Channeling Anger The Right Way
Posted on November 15, 2007 By Joe Fier
From time to time, it is inevitable that someone, or something will strike a nerve and cause you to become very angry. These times are totally scary. During anger, some of the craziest people come out that we haven’t seen in ourselves. Although we try to avoid anger with our largest efforts, it is not always a completely bad thing. Many good relationships and new situations have become much stronger and closer from dealing with anger in the right manner.

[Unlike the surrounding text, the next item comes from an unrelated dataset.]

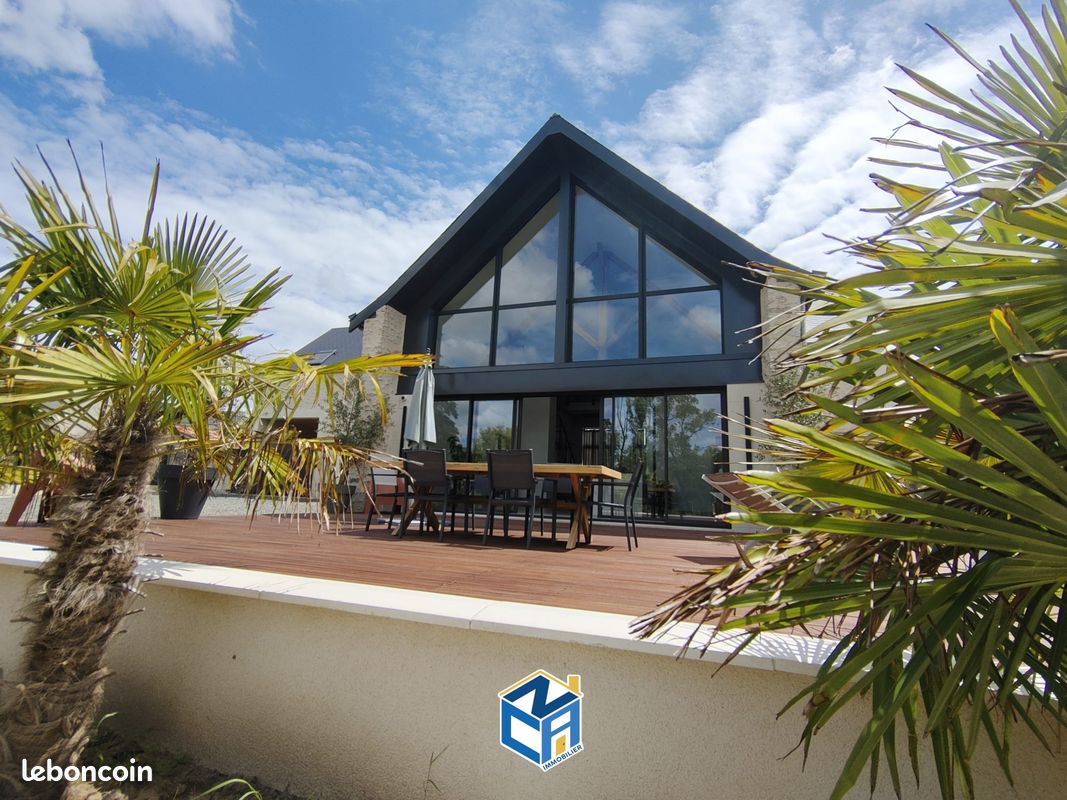 Maison 8 pièces 300 m² · à Veigné · 300 m² · 899 000 €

I am not a person who easily gets worked up over situations or people that might happen to say hurtful things towards me. I do, however, know that when something has really hit me on the right nerve, my stomach starts to burn and turn. These are the times that I have learned, and continue to learn how to channel my anger out in a more constructive method. With this sudden burst of energy and muscle tensing, there has to be some good that can stem from anger. Since these are some results of anger, we cannot blame them for being either good or bad, they are what they are. We are the ones that choose to use these situations as constructive or destructive towards the relationships and happenings at hand. Here are a few points to keep in mind for the next time you feel your blood starting to move a little quicker:
- Be Honest. Release your feelings towards the person who has caused you any pain. This may be difficult, but respond openly and honestly with strong words so the other person knows how you’ve been hurt.
- Set a Goal. You want to have the person who hurt you acknowledge that you’re hurt and that it won’t happen again. Find an agreement between the two of you so you can avoid future misunderstandings.
- Release. Allow yourself to let go of any hard feelings. Begin to start feeling better while you forgive and forget. Being able to release these feelings will bring on a new light to a relationship or situation and free yourself to be more generous about forgiving.
- Concision. This is similar to the first suggestion, but not quite the same. Give yourself five to ten minutes to get your anger out by being as honest and direct as you can. As this may not solve the problem immediately, it will definitely open some doors that might need further examination. This will take more time, but by exploring everything on your mind, hostility will quickly lessen and further understanding will be plausible.
With these simple little tricks, hopefully it will allow us to take an uncomfortable situation and make it much more beneficial. The only secret is learning how to channel your anger in a way that will prove more constructive than destructive.